====== DATA FOR ANALYSIS

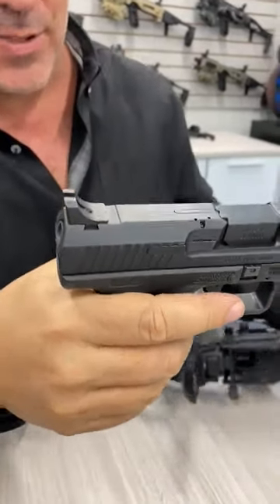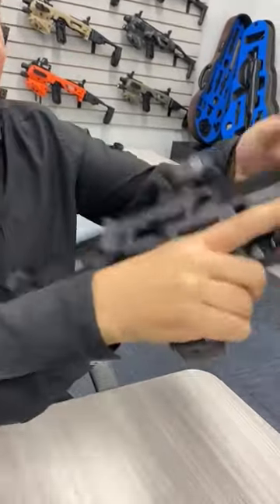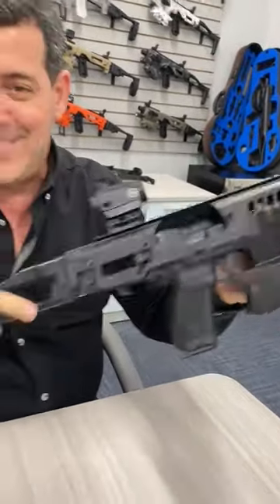The Koenig SFT has crazy high rear sight heights — suppressor height sights — but we made the MCK chassis so it can deal with that kind of height. All you have to do is just slide it in and it's good to go. Isn't that cool?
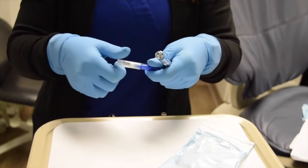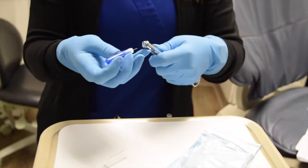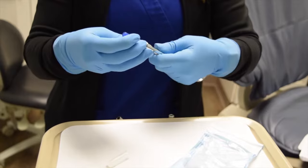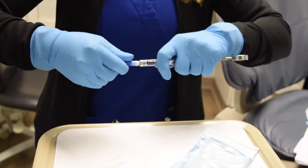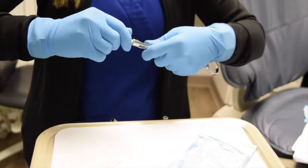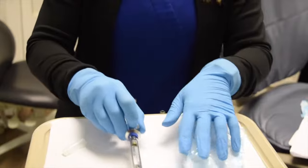You will then remove the plastic cap from the needle. Place it into the hub of the syringe and screw it all the way down securely. And then your syringe is ready for the doctor to use.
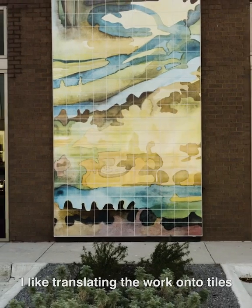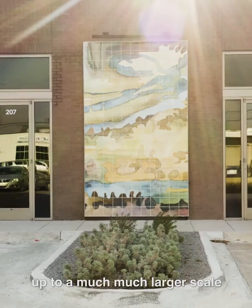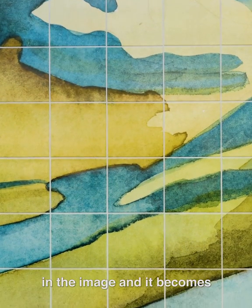I like translating the work onto tiles and to be able to scale the work up to a much, much larger scale where you can lose yourself in the image and it becomes quite abstract.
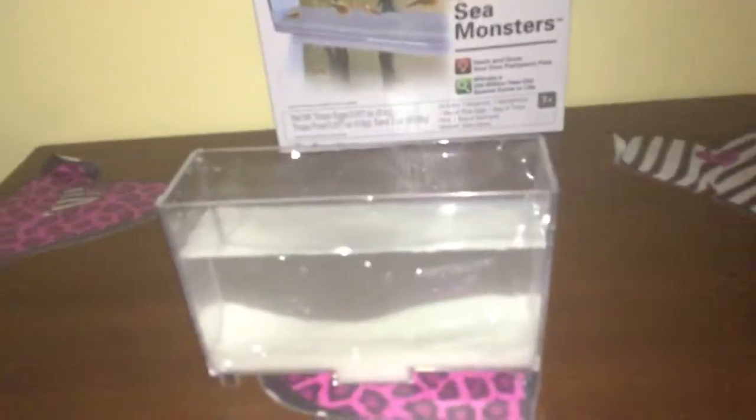So let's get started. The first step is to add sand into the tank, so I added the sand. Next step is to add water — I added water into the tank. Now it's time to put the triops eggs into the tank. Most of it is floating to the top and some of it has sunk to the bottom.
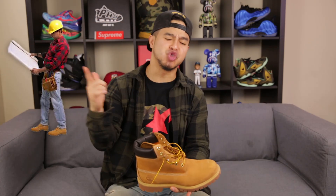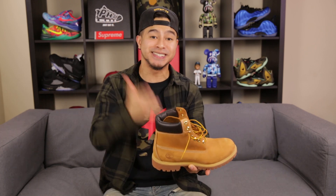From the hard hat wearing folks in construction to the NY fitted wearing folks in Brooklyn, in my hands I have some footwear that has stood the test of time. I'm talking about the 6 inch Timberland Construct boot, and we are going to be going over everything there's to know about them.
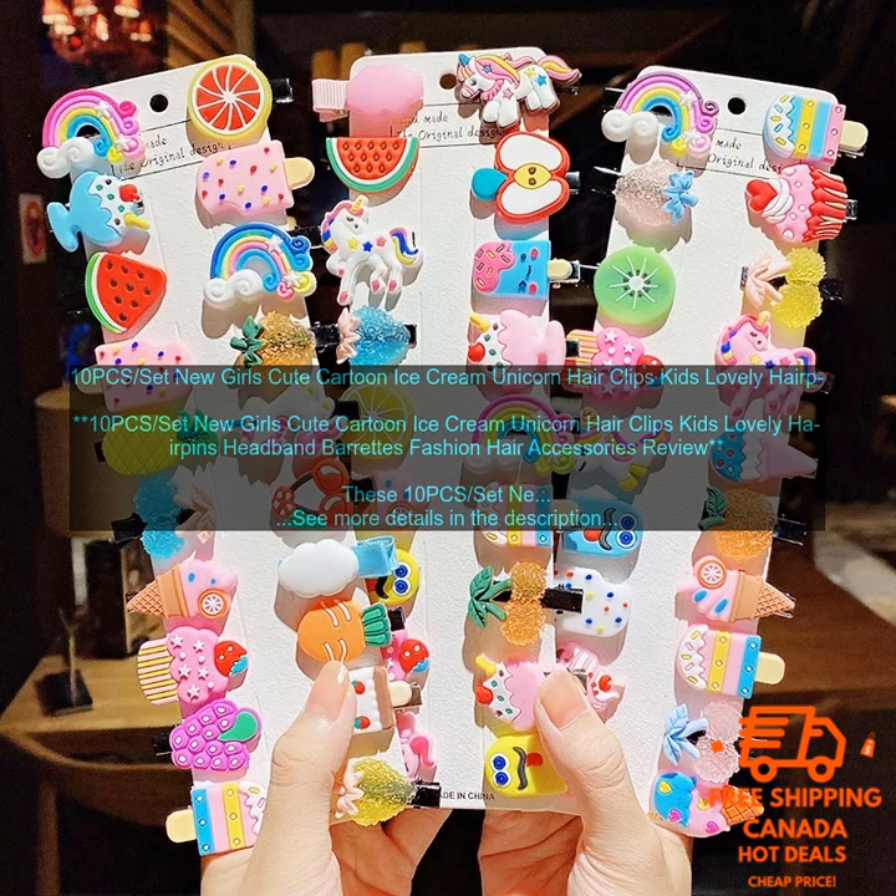They are made of high quality plastic and metal, and they are sure to last for many years of use. The clips come in a variety of different colors and designs, so you can find the perfect ones to match your child's personality. These hair clips are easy to use — simply clip them onto your child's hair and they will stay in place all day long.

============

- [WORK ORDER]: Print once more, exactly, the lines that start at the top of the records above and end at the line with "From the hard", skipping all pictures.

- [ANSWER TO THE EXERCISE]:
The Koenig SFT has crazy high rear sight heights — suppressor height sights — but we made the MCK chassis so it can deal with that kind of height. All you have to do is just slide it in and it's good to go. Isn't that cool?
You will then remove the plastic cap from the needle. Place it into the hub of the syringe and screw it all the way down securely. And then your syringe is ready for the doctor to use.
I like translating the work onto tiles and to be able to scale the work up to a much, much larger scale where you can lose yourself in the image and it becomes quite abstract.
So let's get started. The first step is to add sand into the tank, so I added the sand. Next step is to add water — I added water into the tank. Now it's time to put the triops eggs into the tank. Most of it is floating to the top and some of it has sunk to the bottom.
From the hard hat wearing folks in construction to the NY fitted wearing folks in Brooklyn, in my hands I have some footwear that has stood the test of time. I'm talking about the 6 inch Timberland Construct boot, and we are going to be going over everything there's to know about them.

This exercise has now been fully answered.